## RECORDS
════════════════════

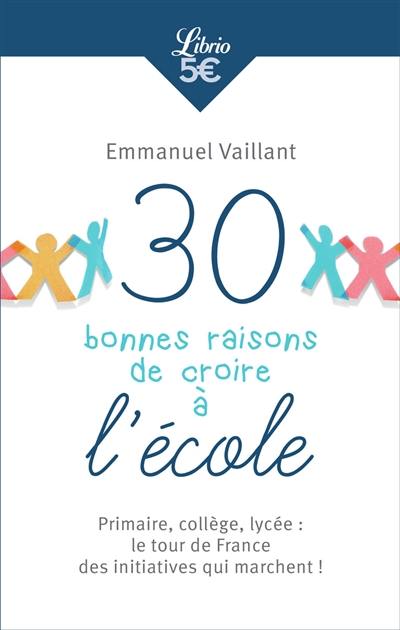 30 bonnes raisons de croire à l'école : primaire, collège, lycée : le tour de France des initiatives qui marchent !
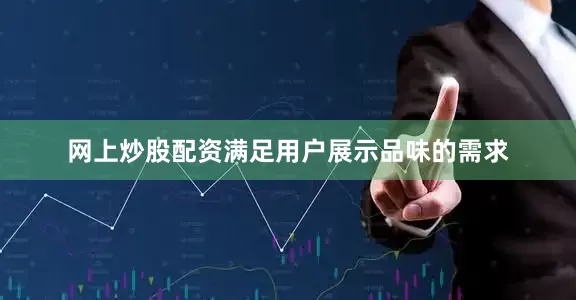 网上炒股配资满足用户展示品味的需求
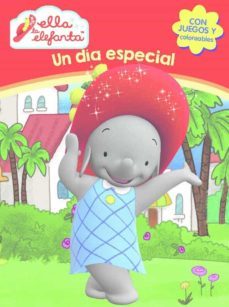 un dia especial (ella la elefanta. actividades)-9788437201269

════════════════════

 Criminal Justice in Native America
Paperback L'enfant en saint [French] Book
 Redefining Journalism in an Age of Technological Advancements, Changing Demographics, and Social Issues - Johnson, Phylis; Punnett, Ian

════════════════════

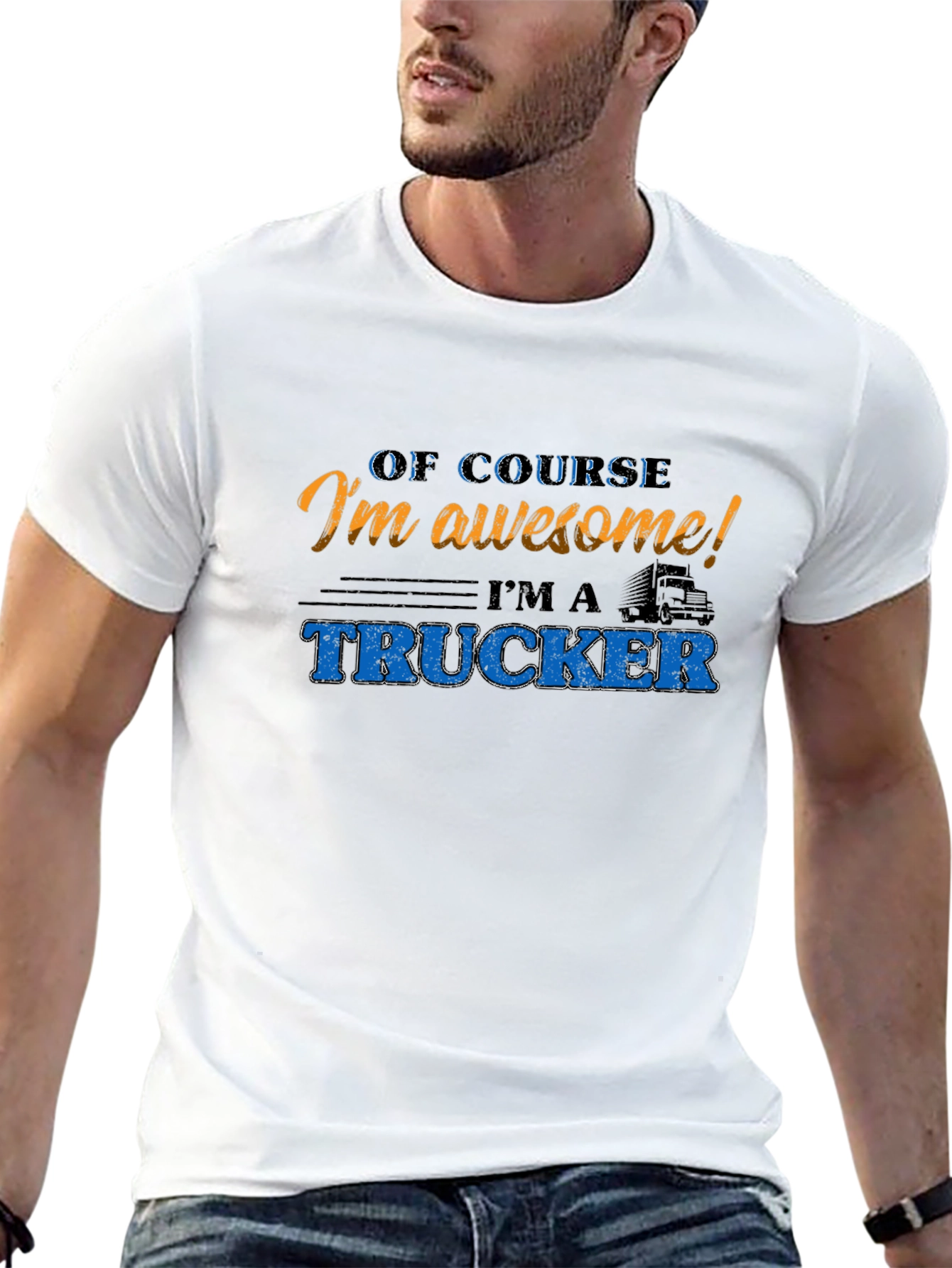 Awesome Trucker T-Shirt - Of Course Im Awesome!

════════════════════

## WHAT THE EXERCISE ASKS
The stretch above running from the line with "网上炒股配资满足用户展示品味的需求" through the line with "un dia especial" is all you should copy, exactly, leaving out the pictures.

## PROBLEM SOLUTION
 网上炒股配资满足用户展示品味的需求
 un dia especial (ella la elefanta. actividades)-9788437201269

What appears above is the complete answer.